#### Try it
From the entries that follow, copy exactly the lines beginning at the line holding "This action/adventure game" and continuing through the line holding "representantes nos três tipos de".

#### Supplied material
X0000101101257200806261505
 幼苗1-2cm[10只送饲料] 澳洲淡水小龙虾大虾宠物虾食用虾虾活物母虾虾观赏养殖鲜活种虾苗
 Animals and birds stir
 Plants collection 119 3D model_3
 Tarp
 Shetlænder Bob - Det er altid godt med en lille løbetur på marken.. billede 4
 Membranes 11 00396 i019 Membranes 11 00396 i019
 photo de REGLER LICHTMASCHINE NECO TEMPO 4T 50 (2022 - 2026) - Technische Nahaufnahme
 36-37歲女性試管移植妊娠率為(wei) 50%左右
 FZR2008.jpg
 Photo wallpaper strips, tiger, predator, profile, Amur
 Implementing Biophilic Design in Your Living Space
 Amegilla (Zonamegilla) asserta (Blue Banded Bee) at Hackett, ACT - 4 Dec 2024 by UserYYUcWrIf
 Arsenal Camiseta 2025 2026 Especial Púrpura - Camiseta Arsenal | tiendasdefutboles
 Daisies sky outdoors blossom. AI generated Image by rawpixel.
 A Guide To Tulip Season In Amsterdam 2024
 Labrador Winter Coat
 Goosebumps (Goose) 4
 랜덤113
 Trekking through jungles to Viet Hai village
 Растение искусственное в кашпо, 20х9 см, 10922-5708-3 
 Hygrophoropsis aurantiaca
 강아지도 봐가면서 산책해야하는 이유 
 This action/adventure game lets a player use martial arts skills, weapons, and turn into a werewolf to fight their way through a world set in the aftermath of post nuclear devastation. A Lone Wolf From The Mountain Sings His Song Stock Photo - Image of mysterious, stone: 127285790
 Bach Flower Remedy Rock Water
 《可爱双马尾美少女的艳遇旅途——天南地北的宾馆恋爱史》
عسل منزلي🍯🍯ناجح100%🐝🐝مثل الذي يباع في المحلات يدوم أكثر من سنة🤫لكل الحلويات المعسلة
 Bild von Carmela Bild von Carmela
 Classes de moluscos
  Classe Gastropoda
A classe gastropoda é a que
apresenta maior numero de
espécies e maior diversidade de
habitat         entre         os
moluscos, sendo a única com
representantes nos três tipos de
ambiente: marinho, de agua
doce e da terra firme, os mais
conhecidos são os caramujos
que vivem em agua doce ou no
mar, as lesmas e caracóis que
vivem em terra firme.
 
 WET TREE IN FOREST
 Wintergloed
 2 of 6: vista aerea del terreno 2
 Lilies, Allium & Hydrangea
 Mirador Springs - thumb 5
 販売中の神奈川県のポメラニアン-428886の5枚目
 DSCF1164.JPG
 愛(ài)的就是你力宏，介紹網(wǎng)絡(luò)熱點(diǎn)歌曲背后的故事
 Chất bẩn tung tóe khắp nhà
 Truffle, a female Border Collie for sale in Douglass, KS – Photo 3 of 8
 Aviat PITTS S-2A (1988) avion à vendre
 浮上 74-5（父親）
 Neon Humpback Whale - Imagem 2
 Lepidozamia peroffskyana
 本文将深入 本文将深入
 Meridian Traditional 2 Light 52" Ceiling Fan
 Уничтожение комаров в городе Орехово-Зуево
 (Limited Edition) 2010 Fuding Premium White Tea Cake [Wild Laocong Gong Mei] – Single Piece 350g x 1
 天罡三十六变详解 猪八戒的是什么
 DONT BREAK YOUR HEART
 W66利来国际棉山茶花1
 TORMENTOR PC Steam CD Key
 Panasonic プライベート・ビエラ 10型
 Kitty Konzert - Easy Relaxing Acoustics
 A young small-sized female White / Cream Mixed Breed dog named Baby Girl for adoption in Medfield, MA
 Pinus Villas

#### Expected answer
 This action/adventure game lets a player use martial arts skills, weapons, and turn into a werewolf to fight their way through a world set in the aftermath of post nuclear devastation. A Lone Wolf From The Mountain Sings His Song Stock Photo - Image of mysterious, stone: 127285790
 Bach Flower Remedy Rock Water
 《可爱双马尾美少女的艳遇旅途——天南地北的宾馆恋爱史》
عسل منزلي🍯🍯ناجح100%🐝🐝مثل الذي يباع في المحلات يدوم أكثر من سنة🤫لكل الحلويات المعسلة
 Bild von Carmela Bild von Carmela
 Classes de moluscos
  Classe Gastropoda
A classe gastropoda é a que
apresenta maior numero de
espécies e maior diversidade de
habitat         entre         os
moluscos, sendo a única com
representantes nos três tipos de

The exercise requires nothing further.